Even more decrease of errors compared to the second NN. We are moving in the right direction.

#### Fourth NN

And the last one - neural network with 3 hidden layers.

In [30]:
# define regression model with 3 hidden layers
def regression_model():
    # create model
    model = Sequential()
    model.add(Dense(10, activation='relu', input_shape=(n_cols,)))
    model.add(Dense(10, activation='relu'))
    model.add(Dense(10, activation='relu'))
    model.add(Dense(1))
    
    # compile model
    model.compile(optimizer='adam', loss='mean_squared_error', metrics=['mean_squared_error'])
    return model

In [31]:
MSE_Norm_three_layers = []
for i in range(50):
    x_train, x_test, y_train, y_test = train_test_split(predictors_norm, target, test_size=0.3)
    model = regression_model()
    model.fit(x_train, y_train, epochs=50, verbose=0)
    scores = model.evaluate(x_test, y_test, verbose=0)
    MSE_Norm_three_layers.append(scores[1])

In [32]:
MSE_Norm_three_layers_np = np.array(MSE_Norm_three_layers, dtype=np.float32)

In [33]:
print("For normalized data, 50 epochs, three hidden layers")
print("Mean of MSE: {}".format(MSE_Norm_three_layers_np.mean()))
print("Standard deviation of MSE: {}".format(MSE_Norm_three_layers_np.std()))

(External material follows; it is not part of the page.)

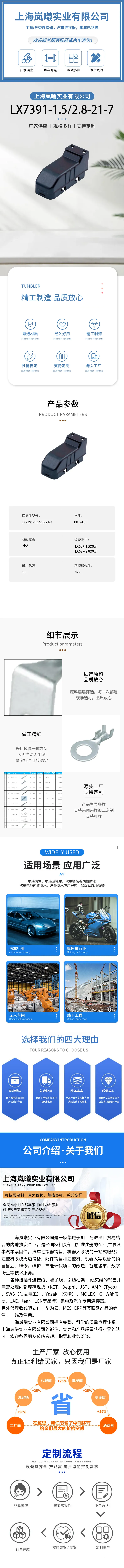 LX7391-1.5/2.8-21-7 — product specifications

For normalized data, 50 epochs, three hidden layers
Mean of MSE: 129.1235809326172
Standard deviation of MSE: 14.69874382019043


Here we can see slight MSE improvement, but STD looks the same. (compared to third NN).

  __

And in the end - representative table:

|  |Non-normalized, 50ep  |  Normalized, 50ep  |  Normalized, 100ep  |  Normalized, 50ep, 3 layers
|---|:---:|:---:|:---:|:---:|
|MSE|432.5|349.9|162.9|129.12|
|STD|477.3|102.2|14.3|14.7|

That's all for today =). Thank you for your attention.